Ainsi l’école empiristique n’est pas encore allée jusqu’à soutenir que la perception du son et celle de la couleur ne sont pas des perceptions naturelles de l’ouïe et de la vue : personne n’a dit que l’ouïe ne perçoit le son, et la vue la couleur que par leur association avec le toucher. Même en supposant que certaines sensations qui nous paraissent simples soient des sensations complexes associées par l’habitude, il faut toujours reconnaître que les éléments sont de même nature que le tout, que les éléments simples de la sensation de son sont des sons, et les éléments de la sensation de couleur sont des couleurs, ou tout au moins de la lumière[1]. Il est impossible d’aller au delà de la lumière et de la couleur pour la vue, et du son pour l’ouïe.
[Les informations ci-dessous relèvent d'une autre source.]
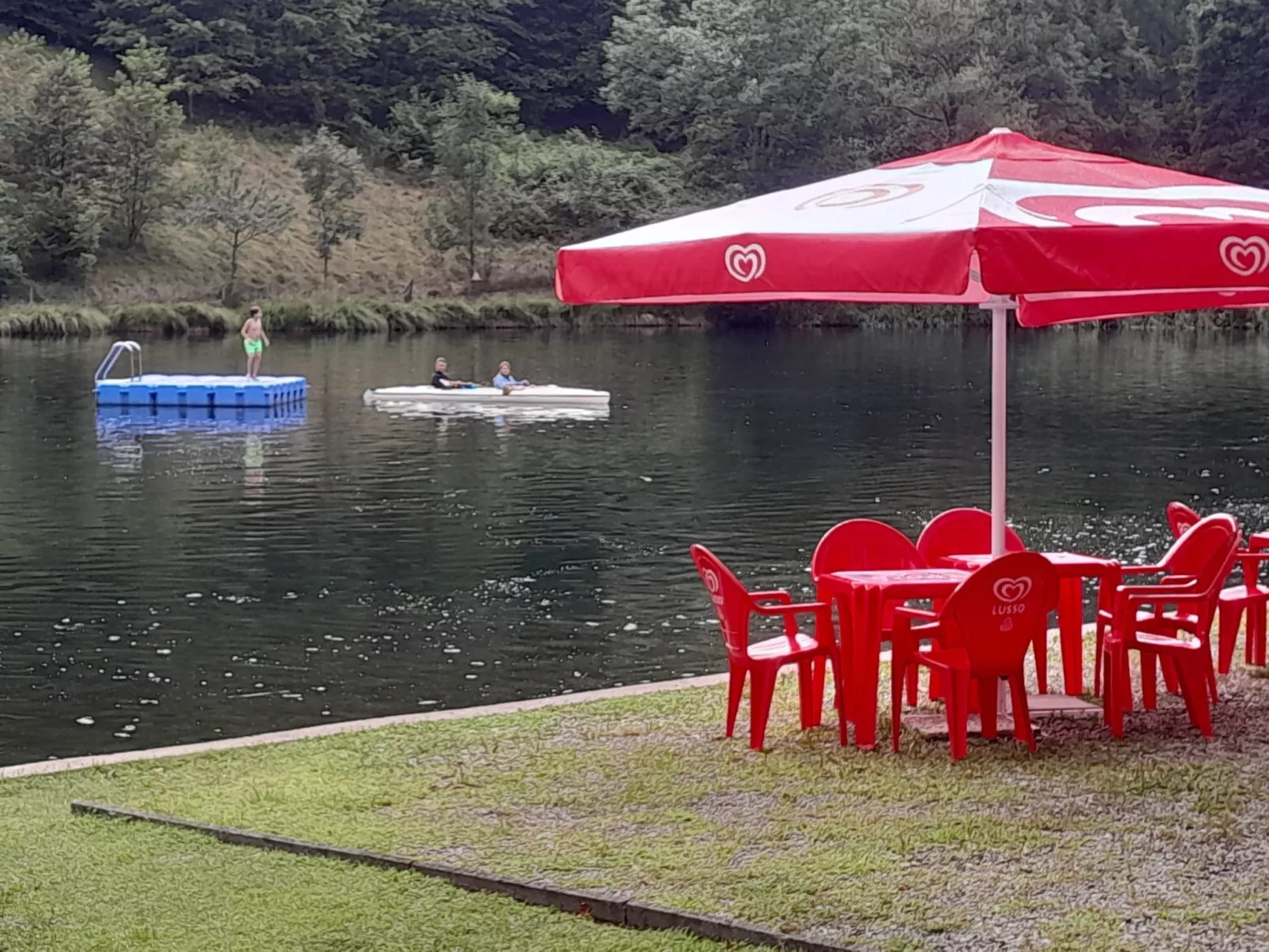 Villa mit geschlossenem Garten und schöner Aussi - Buiten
Dire que ces sensations elles-mêmes ne seraient que les conclusions et les résultantes d’autres sensations plus profondes et plus anciennes dont nous aurions perdu la conscience et le souvenir, c’est dépasser le domaine de l’expérience, c’est faire appel à des états de conscience absolument inconnus : c’est de la métaphysique, non de la psychologie. Il faut donc admettre comme innés le sens de la couleur, celui de l’odeur, celui du son, et, dès lors, où est l’inconvénient d’admettre un sens inné de l’espace ? Et surtout, si l’on admettait comme innée la perception de surface, quelle difficulté y a-t-il à attribuer la même innéité à la troisième dimension ? Sans doute, ce n’est pas là une raison suffisante pour admettre cette hypothèse ; mais c’est une raison suffisante pour ne pas se croire obligé de la rejeter. Maine de Biran a dit : « L’innéité est la mort de l’analyse. » Cela est vrai : mais qu’y faire ? Si l’on vient se heurter à quelque chose d’inné, il faut bien en prendre son parti et ne pas sacrifier la vérité à nos commodités intellectuelles. Il nous est agréable

  1. M. Delbœuf cite un cas remarquable (La Psychologie comme science naturelle, p. 58) où ce que nous croyons une sensation de couleur n’est encore qu’un jugement, et où la couleur que nous croyons voir est une inférence de celles que nous voyons réellement : mais ce sont toujours des couleurs.